- [EXERCISE AIM]
Print the whole listing exactly as it appears, but skip the pictures.

- [PROVIDED MATERIAL]
=-=-=

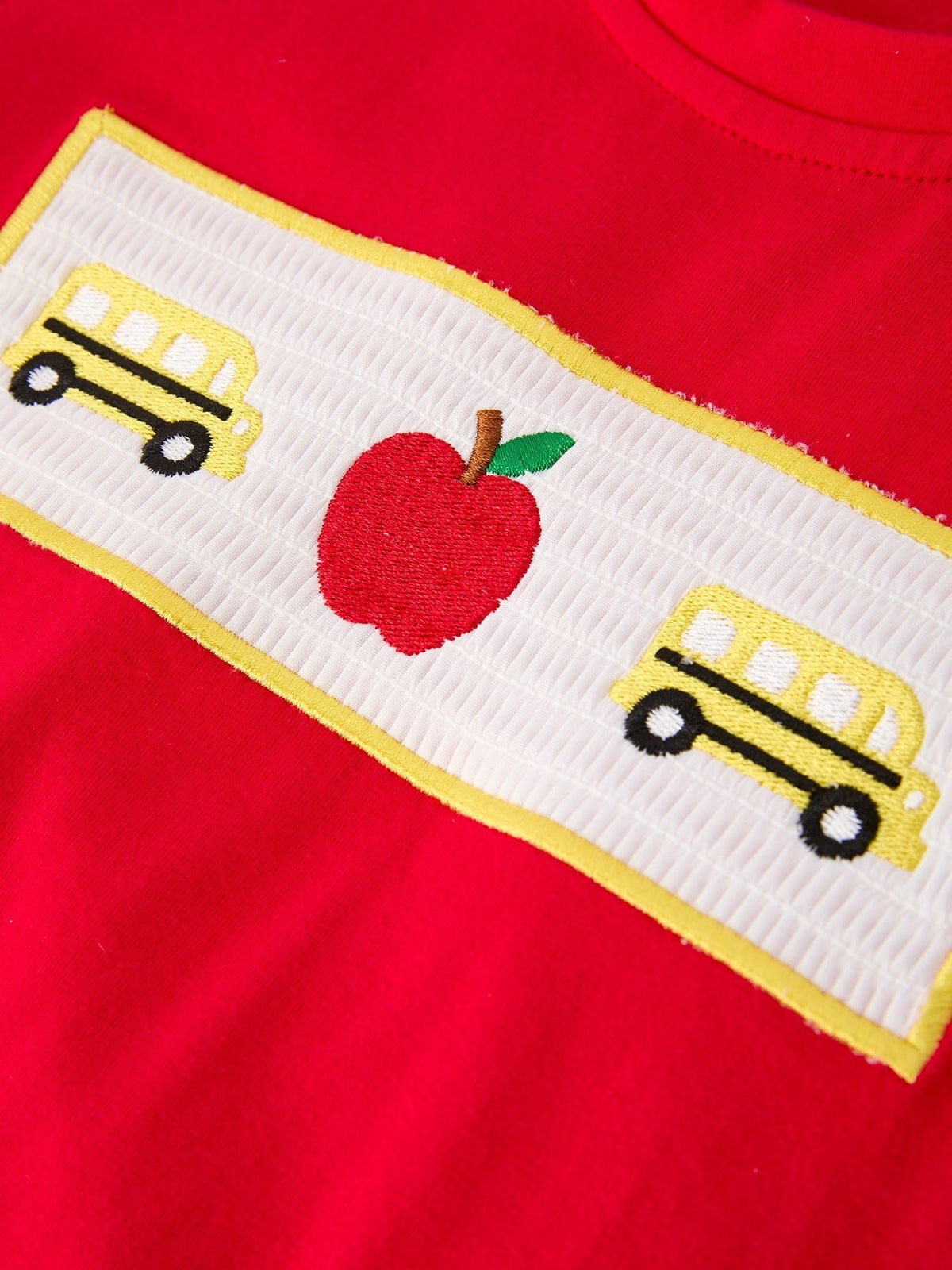Rylee Faith Designs Back To School School Bus Boys Set Red Plaid ShortsEveretts Place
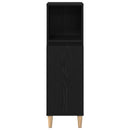 Badeværelsesskab Sort eg 30 x 30 x 100 cm Konstrueret træ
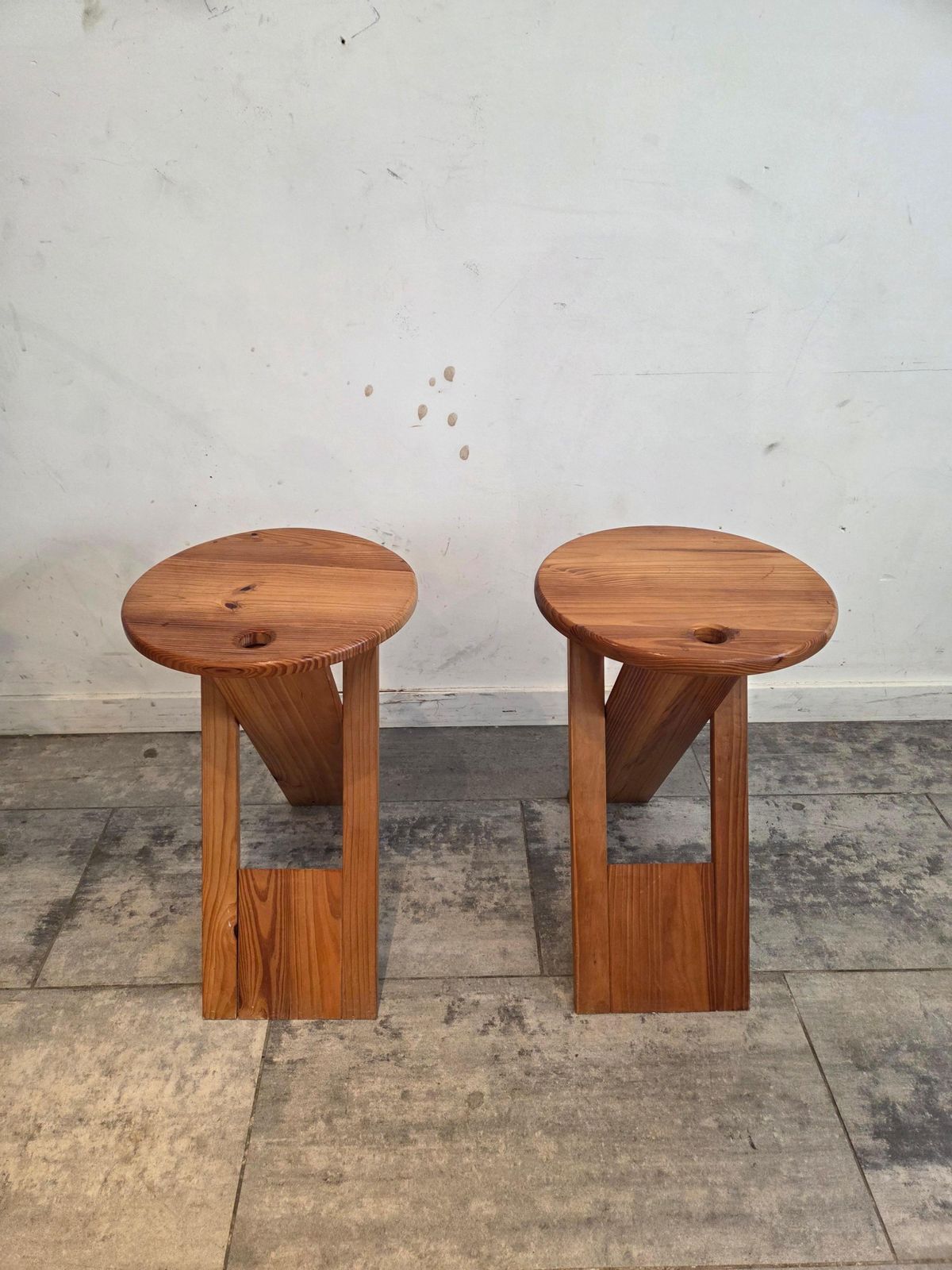 Folded  Set Of Stools In Wood, Brown Color, By Adrian Reed, France, 1970 photo for sale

=-=-=

- [RESULT FOR THIS EXERCISE]
Rylee Faith Designs Back To School School Bus Boys Set Red Plaid ShortsEveretts Place
 Badeværelsesskab Sort eg 30 x 30 x 100 cm Konstrueret træ
 Folded  Set Of Stools In Wood, Brown Color, By Adrian Reed, France, 1970 photo for sale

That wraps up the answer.